= TASK PROMPT =
What you return should match the data word for word, minus the images.

Captioned web image data:
· · · · · · ·

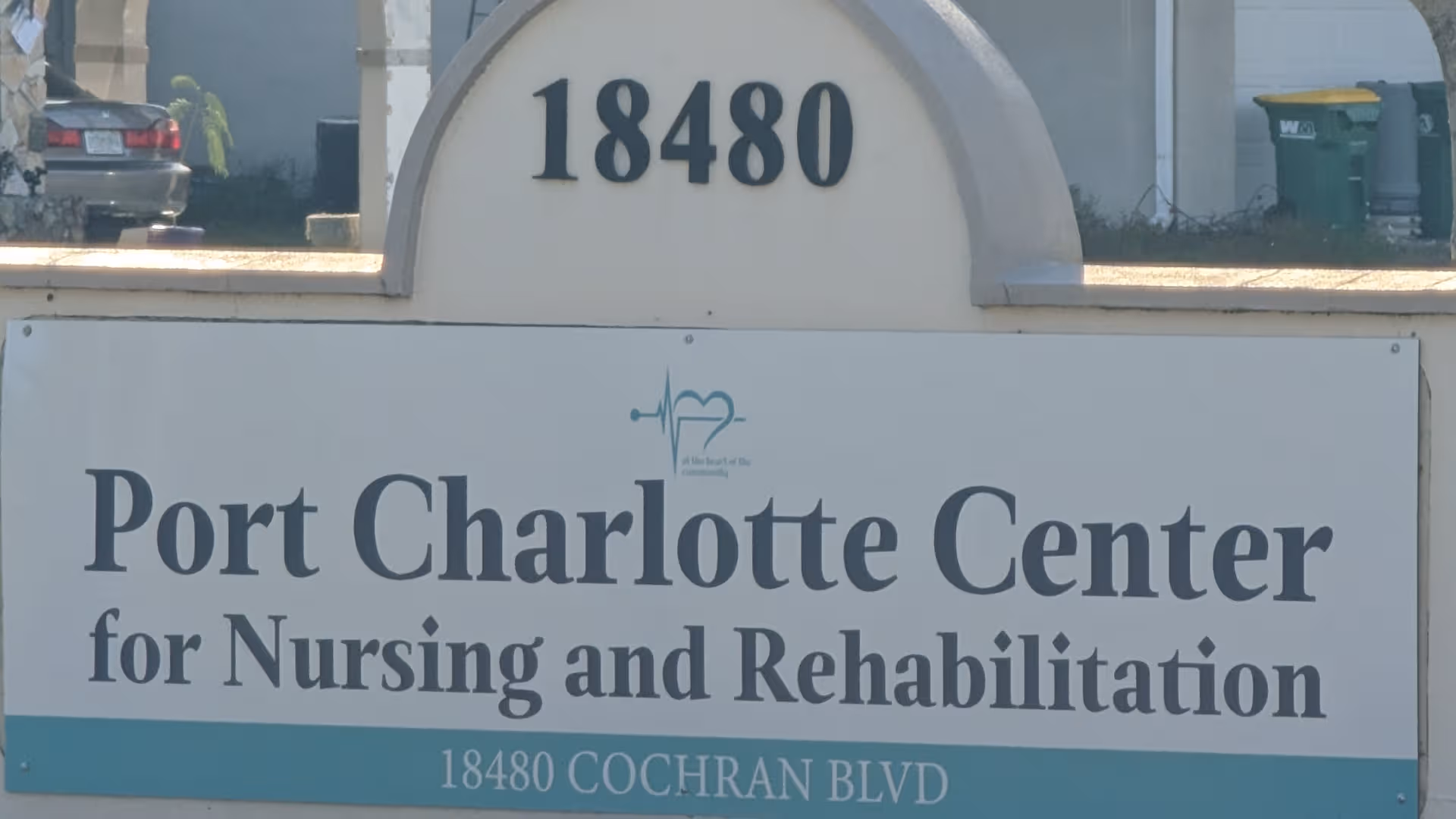 Outdoor sign reads Port Charlotte Center for Nursing and Rehabilitation, 18480 Cochran Blvd.
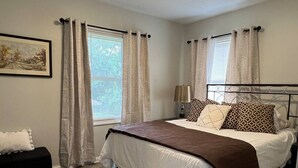 Un dormitorio con cama, cortinas, una lámpara de noche, una mesita y un cuadro en la pared.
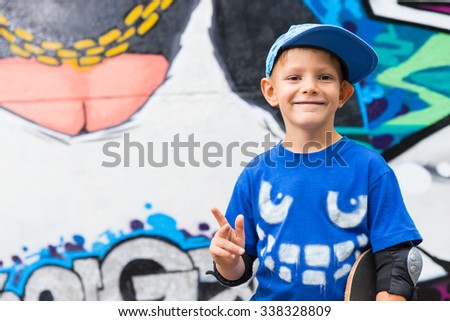 Funny playful kid wearing blue cap and T-shirt with a mean face printed on it posing while pointing up, outdoors in front of a graffiti wall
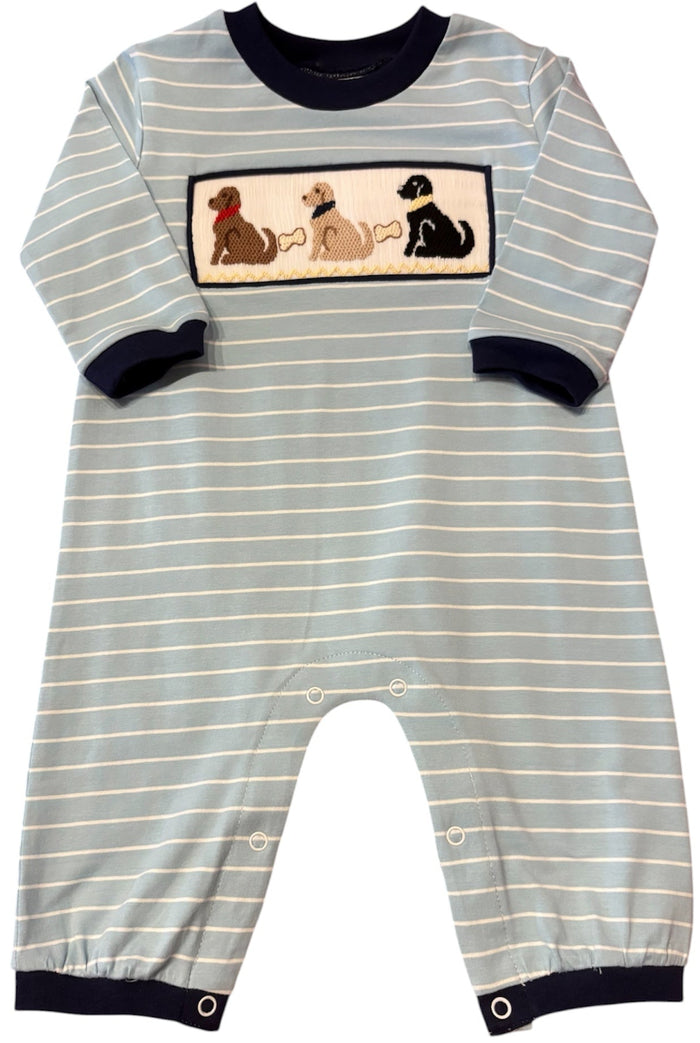 A baby long-sleeve romper with light blue and white horizontal stripes, featuring a rectangular chest graphic of three dogs in different breeds. The romper has dark navy blue trim at the crew neck, cuffs, and hems, and is shown against a plain white background.
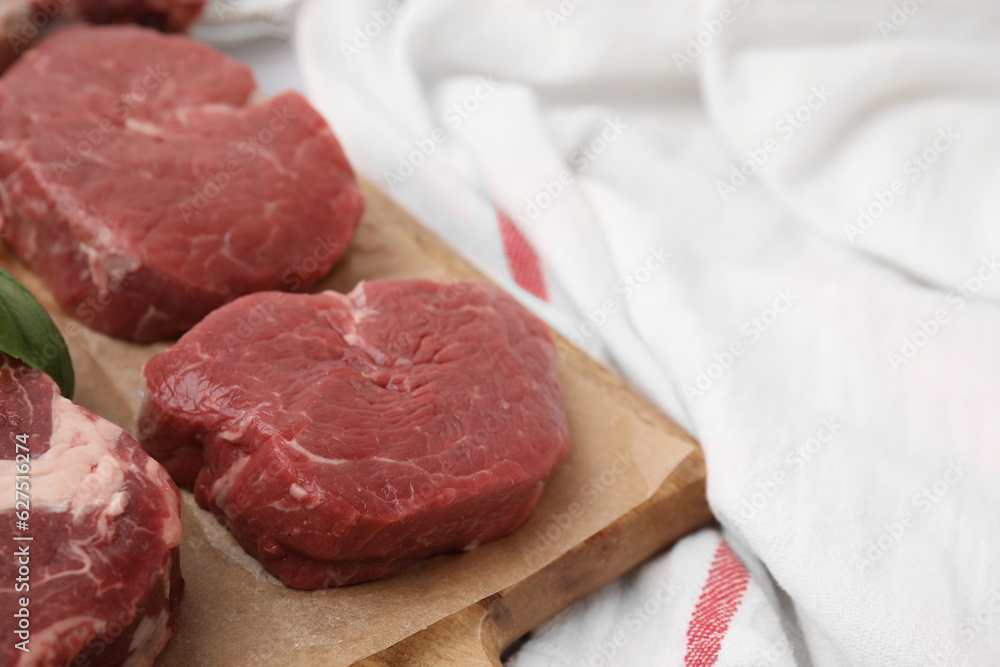 Cut fresh beef meat on wooden board, closeup. Space for text Cut fresh beef meat on wooden board, closeup. Space for text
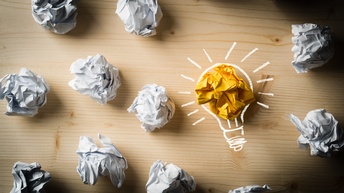 Auf einem Tisch liegen viele zerknäulte, weiße Zettel. Ein Zettel ist gelb. Um den Zettel sind die Umrisse einer Glühbirne illustriert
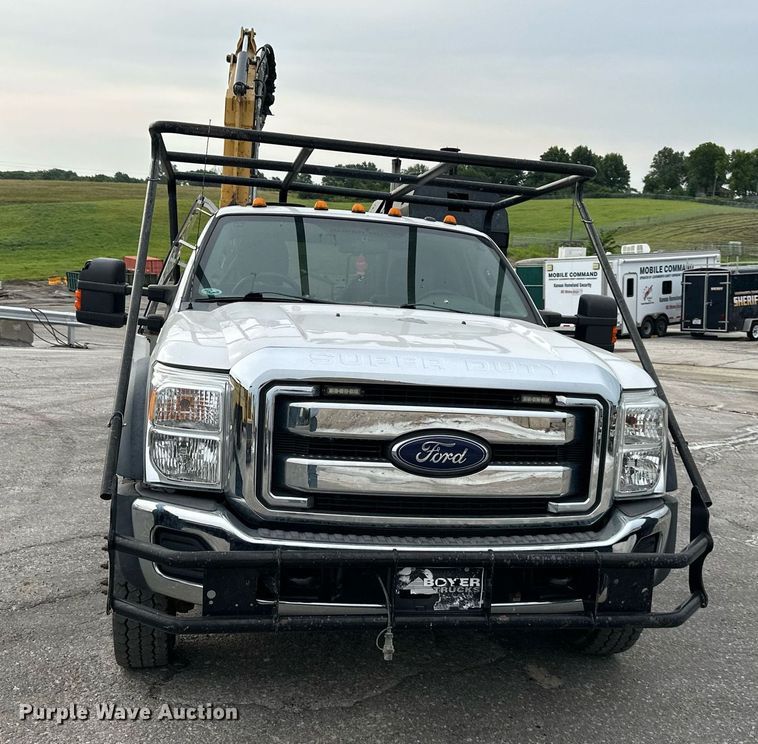 image for item DO5115 2015 Ford F550 Super Duty  flatbed truck with side boom mower
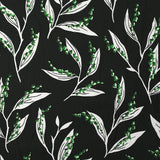 Satin viscose knit printed with a sprig of lily of the valley, black background
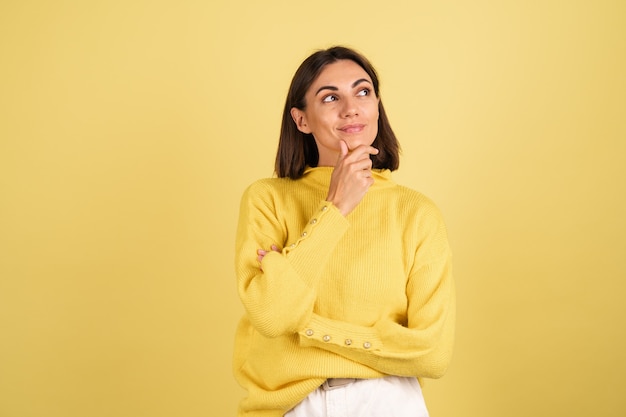 Mulher jovem com um suéter amarelo quente tocando seu queixo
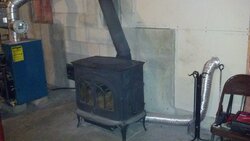 Wood stove in basement next to oil furnace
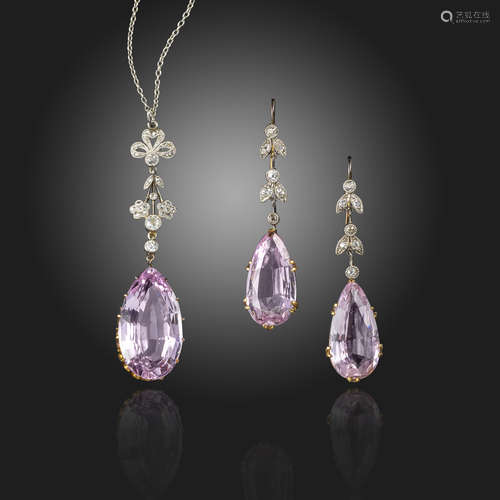 An Edwardian pink topaz and diamond pendant and earrings, the pear-shaped pink topaz suspends from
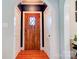 Interior entryway featuring hardwood floors, detailed door, and white trim at 902 Hawthorne Rd, Shelby, NC 28150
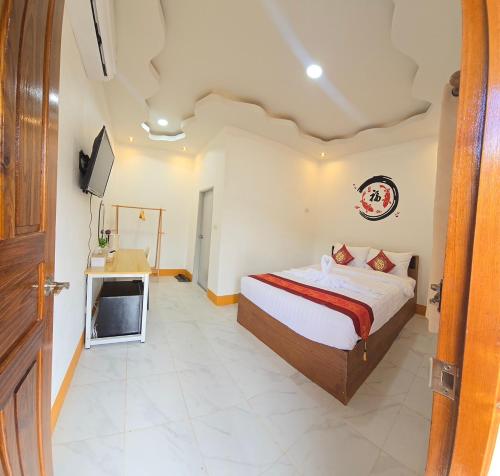 a bedroom with a bed and a tv in it at ฮ่องเต้รักไทยรีสอร์ท in Ban Rak Thai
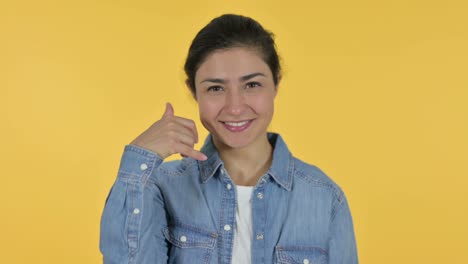 call me sign by young indian woman, yellow background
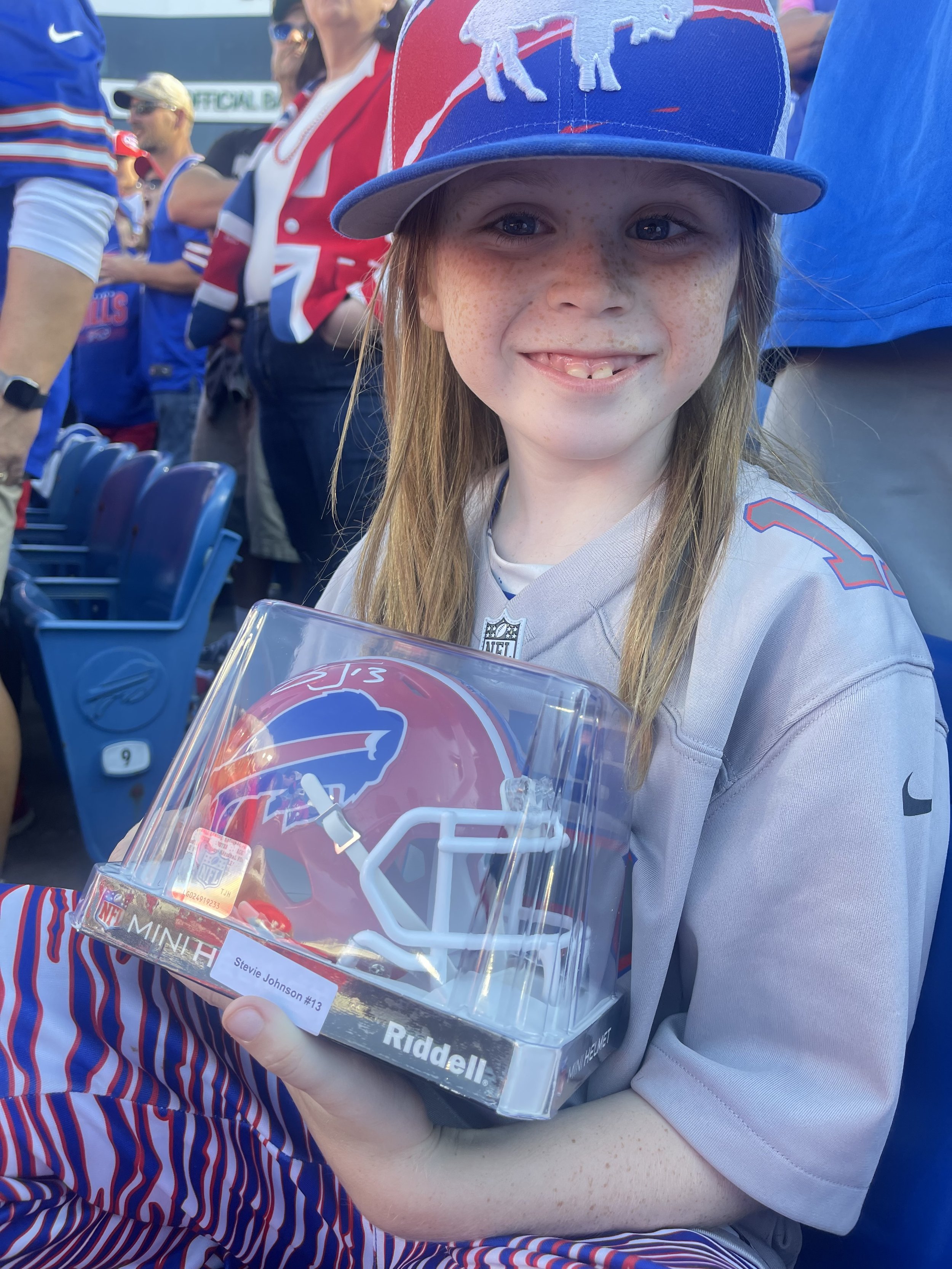 A young child wearing a Buffalo Bills cap and jersey smiles while holding a miniature Buffalo Bills helmet at a sports event. The background shows other fans in similar team apparel.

· · · · · · ·

= ANSWER BOX =
 Outdoor sign reads Port Charlotte Center for Nursing and Rehabilitation, 18480 Cochran Blvd.
 Un dormitorio con cama, cortinas, una lámpara de noche, una mesita y un cuadro en la pared.
 Funny playful kid wearing blue cap and T-shirt with a mean face printed on it posing while pointing up, outdoors in front of a graffiti wall
 A baby long-sleeve romper with light blue and white horizontal stripes, featuring a rectangular chest graphic of three dogs in different breeds. The romper has dark navy blue trim at the crew neck, cuffs, and hems, and is shown against a plain white background.
 Cut fresh beef meat on wooden board, closeup. Space for text Cut fresh beef meat on wooden board, closeup. Space for text
 Auf einem Tisch liegen viele zerknäulte, weiße Zettel. Ein Zettel ist gelb. Um den Zettel sind die Umrisse einer Glühbirne illustriert
 image for item DO5115 2015 Ford F550 Super Duty  flatbed truck with side boom mower
 Satin viscose knit printed with a sprig of lily of the valley, black background
 Mulher jovem com um suéter amarelo quente tocando seu queixo
 Wood stove in basement next to oil furnace
 An Edwardian pink topaz and diamond pendant and earrings, the pear-shaped pink topaz suspends from
 Interior entryway featuring hardwood floors, detailed door, and white trim at 902 Hawthorne Rd, Shelby, NC 28150
 a bedroom with a bed and a tv in it at ฮ่องเต้รักไทยรีสอร์ท in Ban Rak Thai
 call me sign by young indian woman, yellow background
 A young child wearing a Buffalo Bills cap and jersey smiles while holding a miniature Buffalo Bills helmet at a sports event. The background shows other fans in similar team apparel.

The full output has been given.